Argollo afirmó que el reciente proceso de balotaje representó un “duro revés” para el partido de gobierno en la mayoría de los nueve departamentos, configurando un mensaje inequívoco de “voto castigo” contra la corrupción, la crisis de combustibles y lo que denominó un gobierno de “decretazos”.
Durante una entrevista exclusiva con Sin Mordaza de Horacio Martinez, Argollo centró sus críticas en el mecanismo de designación de la Gobernación paceña, asegurando que se “pisoteó” la voluntad popular de más de un millón ochocientos mil habitantes. “Se ha impuesto un gobernador totalmente ilegítimo que seguramente se va a querer imponer, pero es de manera antidemocrática. Lastimosamente estos ‘taxi-partidos’ que negocian y lucran con el voto popular le han dado un duro golpe a nuestra democracia”, denunció el dirigente obrero.
Subrayó que, independientemente de la legalidad formal del proceso, la autoridad carecerá de la legitimidad necesaria para gobernar al haber alcanzado solo un veinte por ciento de respaldo en una contienda que, a su juicio, debió resolverse en las urnas con una segunda vuelta directa.
El líder sindical interpretó el resultado electoral general —donde los candidatos afines al Gobierno central no lograron la victoria en los nueve departamentos— como una muestra del desgaste acelerado de la administración del presidente Rodrígo Paz. “Es un desgaste que para un gobierno que no está llegando ni a medio año de gestión debería prácticamente tener en cinco años. El ciudadano está molesto porque no se trabaja en corrupción, no hay política de combustibles y se actúa de manera dictatorial sin tomar en cuenta a las organizaciones sociales”, enfatizó Argollo al asegurar que la Central Obrera se siente respaldada por una ciudadanía que ha expresado su descontento con las políticas de Estado.
Ante la consulta sobre el riesgo de un escenario de ingobernabilidad regional, Argollo fue tajante al pronosticar serias dificultades para el oficialismo en la implementación de su agenda. “El Gobierno central va a tener una dura lucha para implementar sus políticas. Prácticamente no tienen gobernaciones; una se ha comprado y las demás tendrán que pactar en medio de este descontento masivo”, señaló el secretario ejecutivo. La advertencia de la COB anticipa un complejo escenario de bloqueo político entre el Ejecutivo y los gobiernos departamentales opositores en áreas clave como la gestión de recursos y la inversión pública.

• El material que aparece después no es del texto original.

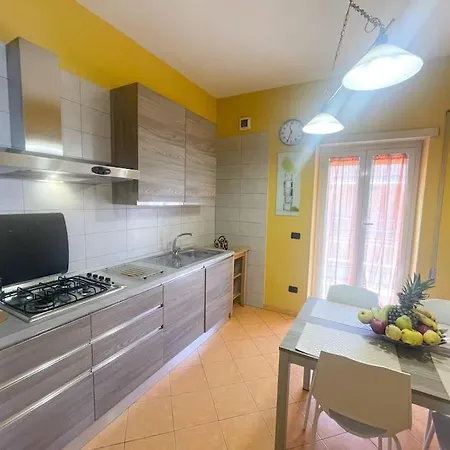 The Sun In Apartamento Roma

“La COB no va a reconocer que se imponga un gobernador de manera antidemocrática. Nuestra oposición es firme en defensa de la democracia que nos ha costado luto y dolor conseguir”. El dirigente instó al Gobierno central a reflexionar sobre el mensaje de las urnas y a abandonar lo que calificó como prácticas autoritarias, dejando abierta la puerta a futuras movilizaciones en defensa del voto popular.